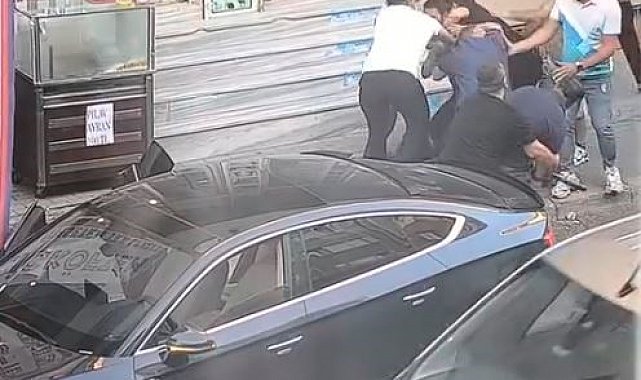 Avcılar'da iki şahıs, yaşlı adamı sopayla dövdü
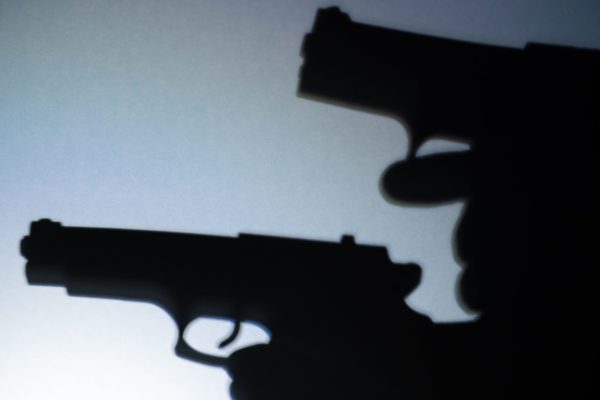 Imagem colorida de armas - Metrópoles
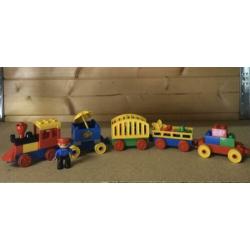 Lego Duplo - Treintje met Machinist en Wagons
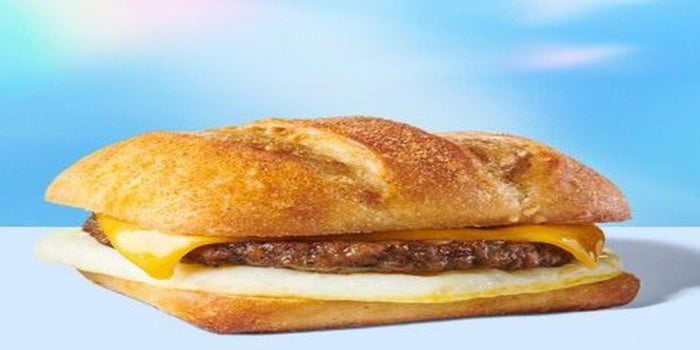 Starbucks agregará a su menú un sandwich de salchicha a base de plantas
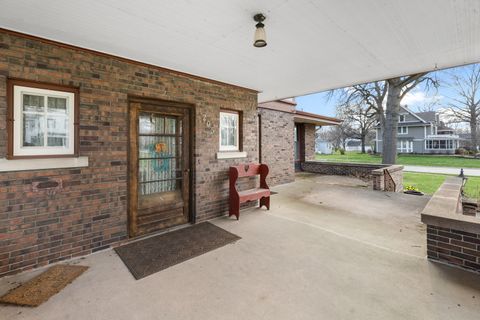 Tiny photo for 205 E Lincoln Avenue, Watseka, IL 60970 (MLS # 12608662)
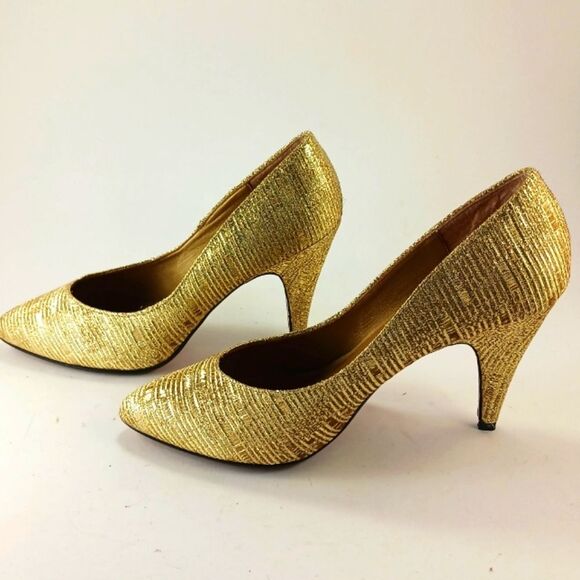 Pierre Dumas Designer Collection 3" Stiletto Point Toe Womans 7.5 Metallic Gold. - Picture 11 of 14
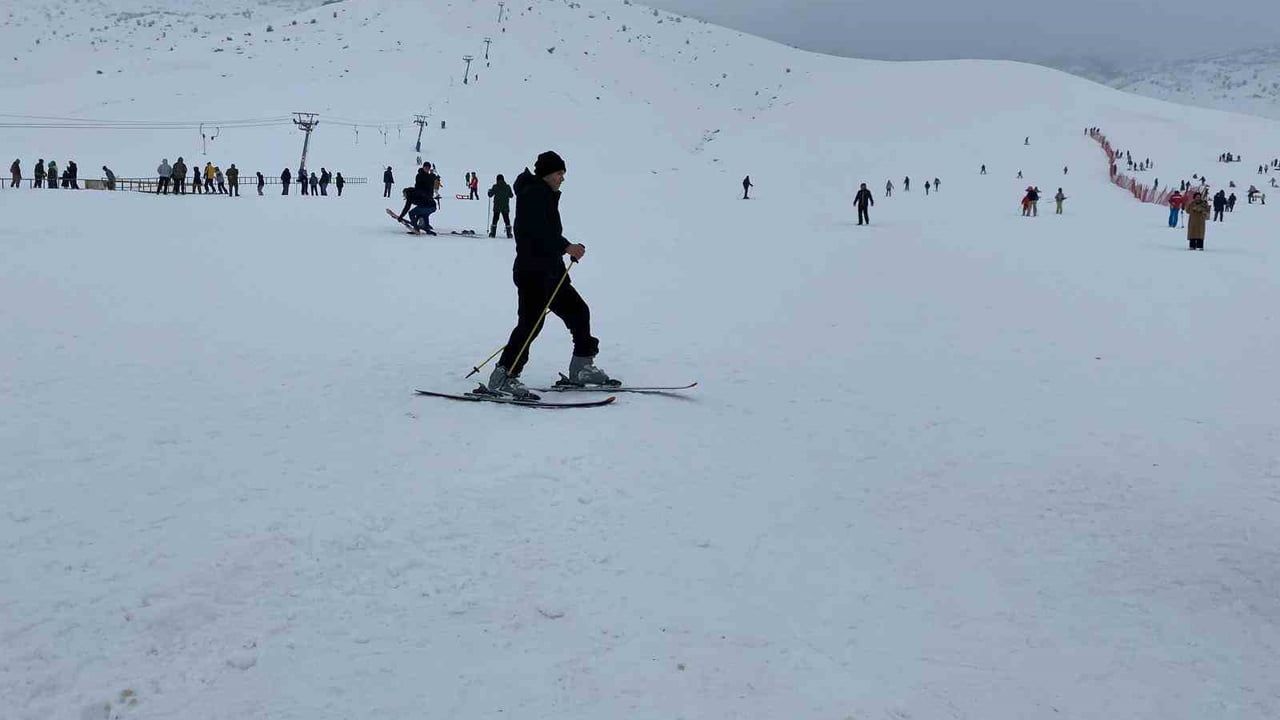 Muş Çocuk Evleri'nden Güzeldağ Kayak Merkezi'nde Yarıyıl Keyfi
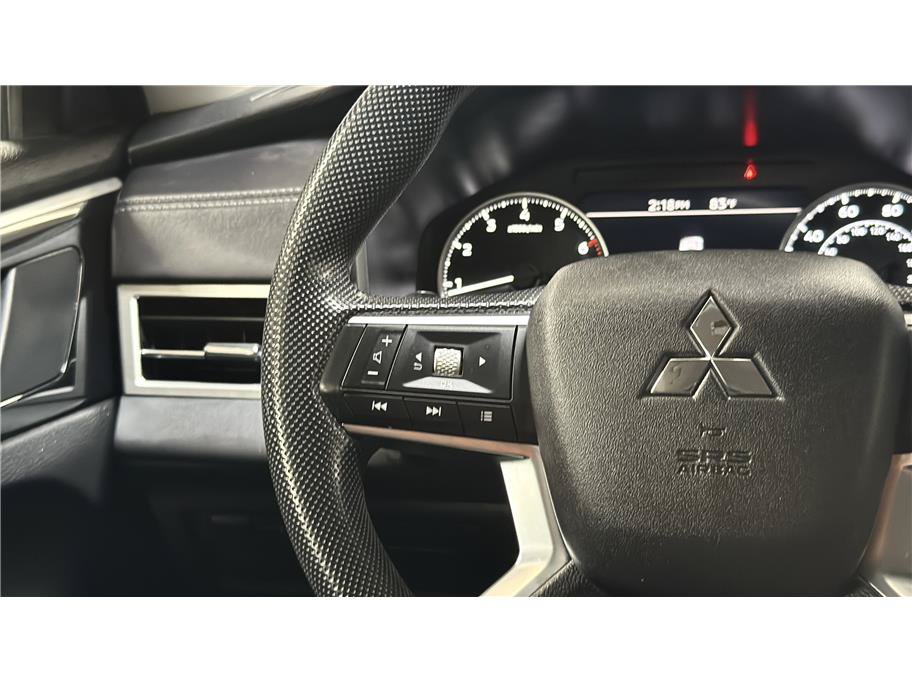 Used 2025 Mitsubishi Outlander ES FWD image 31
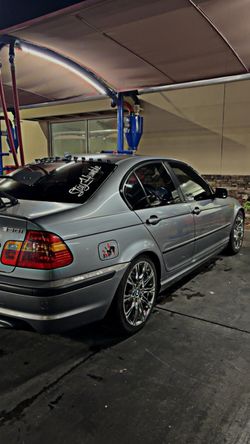 2005 BMW 330i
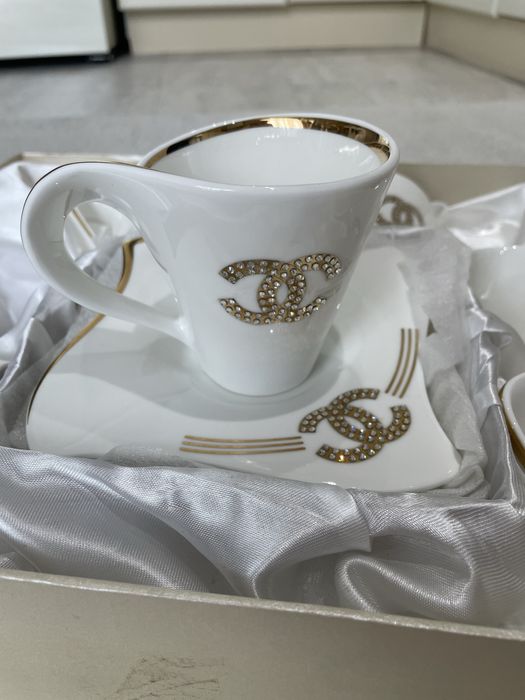 Чайный сервиз со стразами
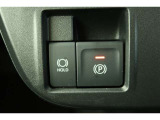 【電動パーキングブレーキ】オートモードのときは、シフトレバーの操作に応じてパーキングブレーキが自動で作動♪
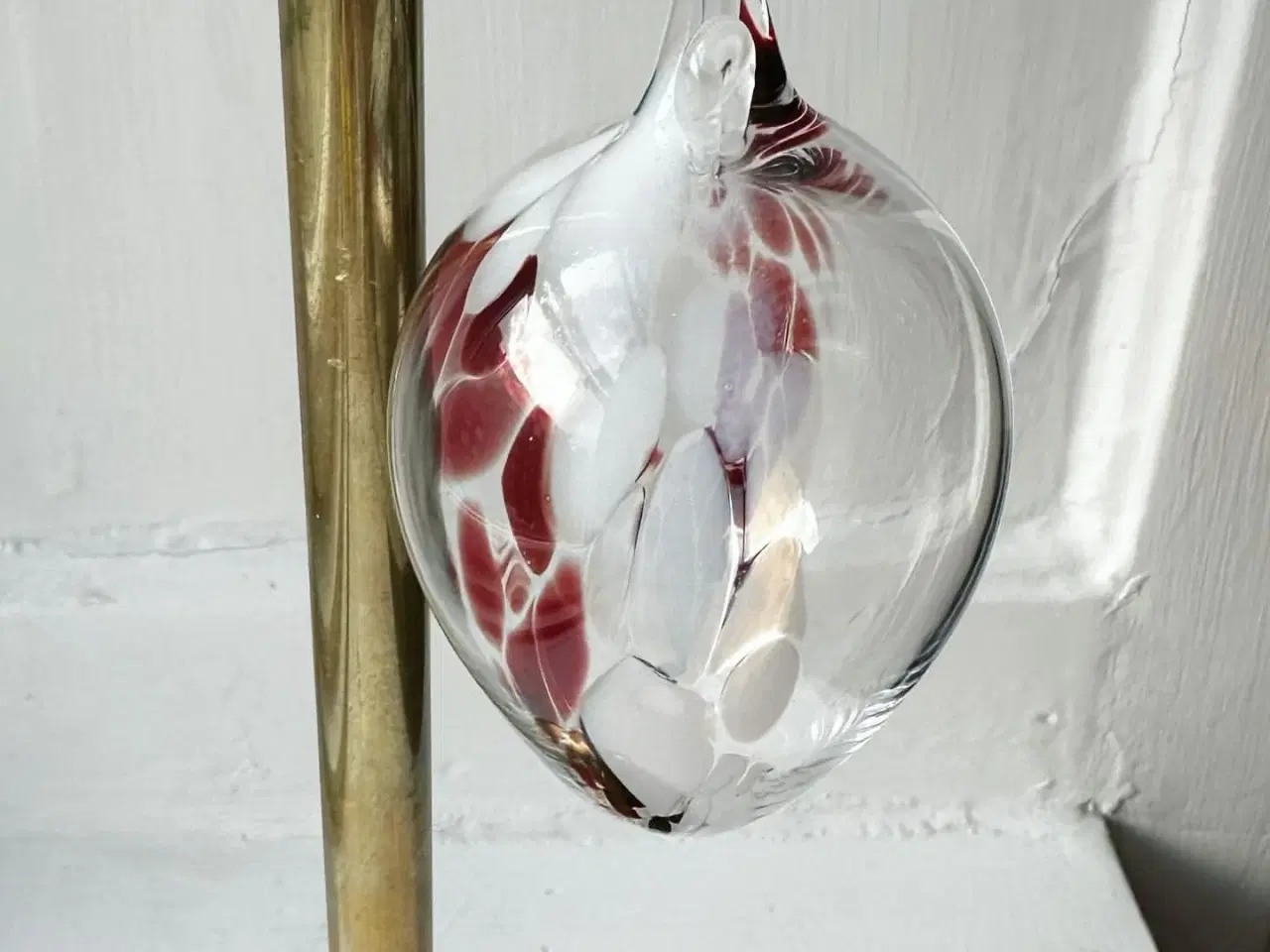 Billede 4 - Håndlavet glasornament, klar m rød og hvid melering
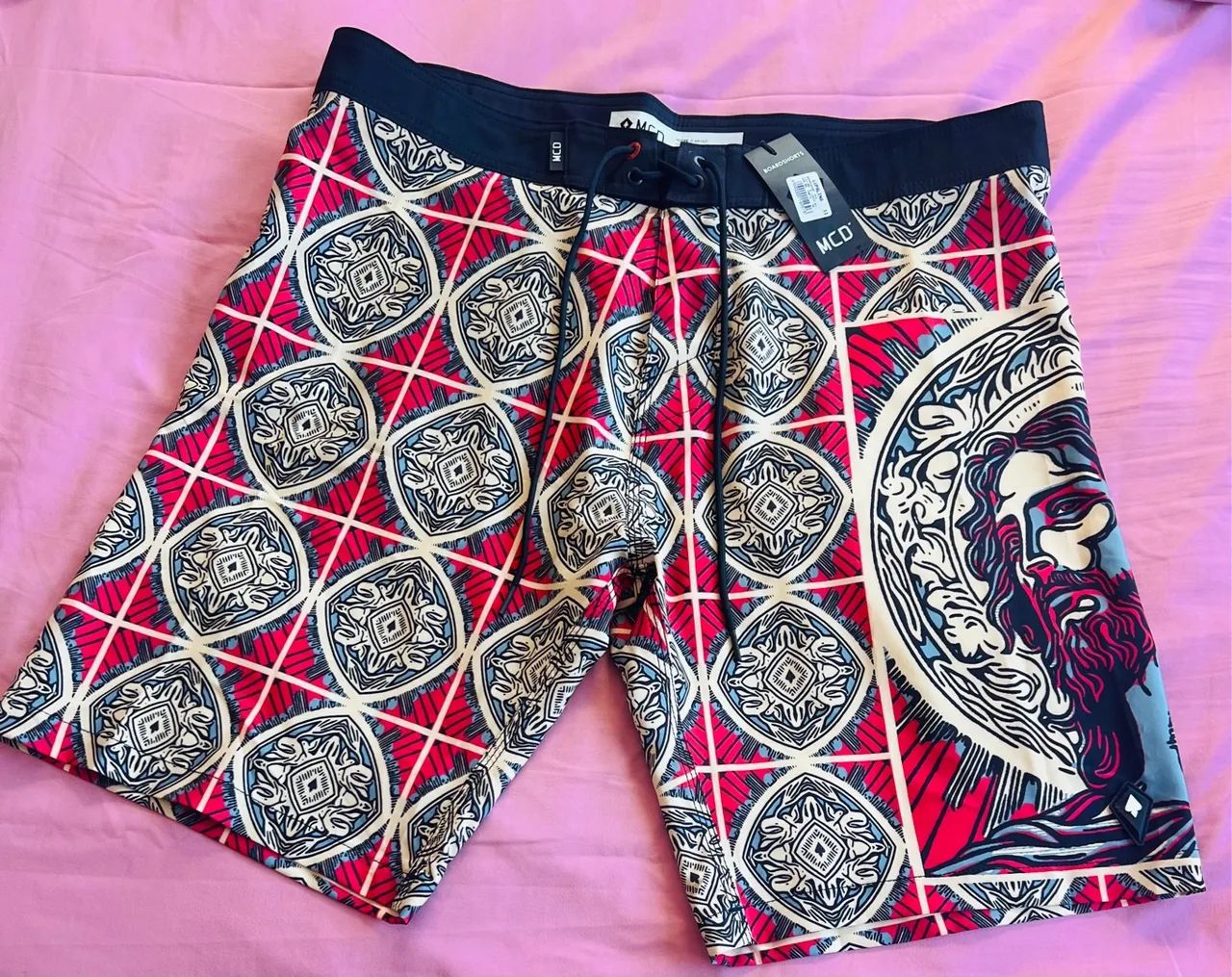 Shorts de Praia MCD Estampado - Conforto e Estilo!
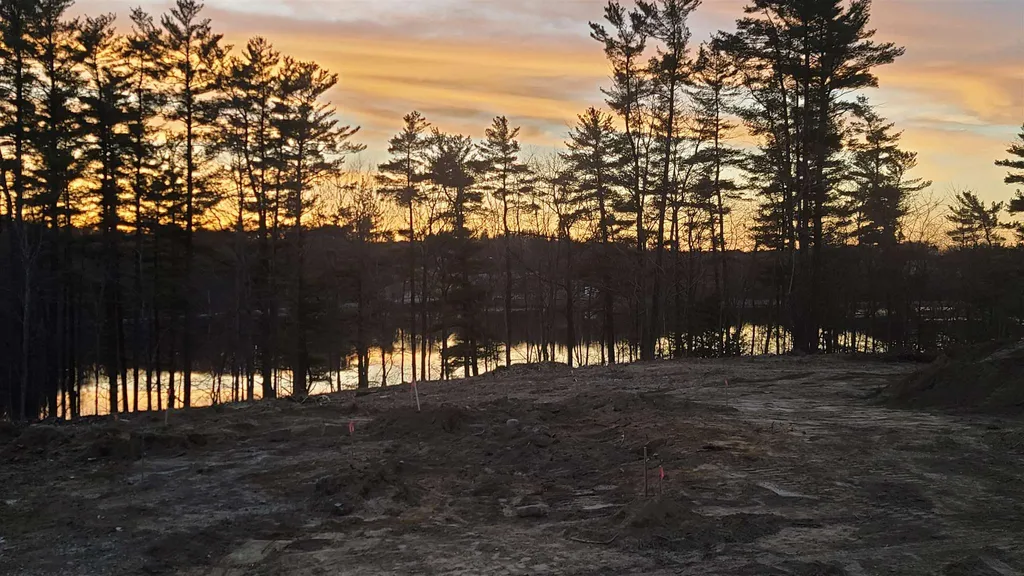 2 Scarlett Lane Rollinsford NH 03869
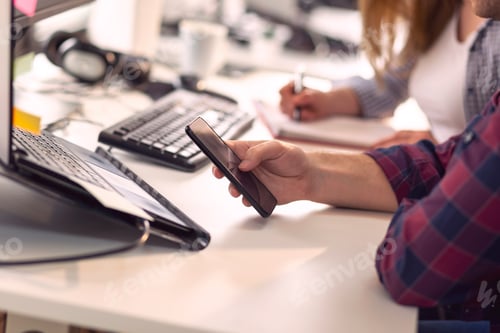 Preview: Using a smart phone for taking notes at work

EXERCISE GOAL: Every line from the start of the material through the line holding "2 Scarlett Lane Rollinsford NH 03869" must be returned exactly, and the pictures must not.

OUTPUT OF THE TASK:
 Avcılar'da iki şahıs, yaşlı adamı sopayla dövdü
 Imagem colorida de armas - Metrópoles
 Lego Duplo - Treintje met Machinist en Wagons
 Starbucks agregará a su menú un sandwich de salchicha a base de plantas
 Tiny photo for 205 E Lincoln Avenue, Watseka, IL 60970 (MLS # 12608662)
 Pierre Dumas Designer Collection 3" Stiletto Point Toe Womans 7.5 Metallic Gold. - Picture 11 of 14
 Muş Çocuk Evleri'nden Güzeldağ Kayak Merkezi'nde Yarıyıl Keyfi
 Used 2025 Mitsubishi Outlander ES FWD image 31
 2005 BMW 330i
 Чайный сервиз со стразами
 【電動パーキングブレーキ】オートモードのときは、シフトレバーの操作に応じてパーキングブレーキが自動で作動♪
 Billede 4 - Håndlavet glasornament, klar m rød og hvid melering
 Shorts de Praia MCD Estampado - Conforto e Estilo!
 2 Scarlett Lane Rollinsford NH 03869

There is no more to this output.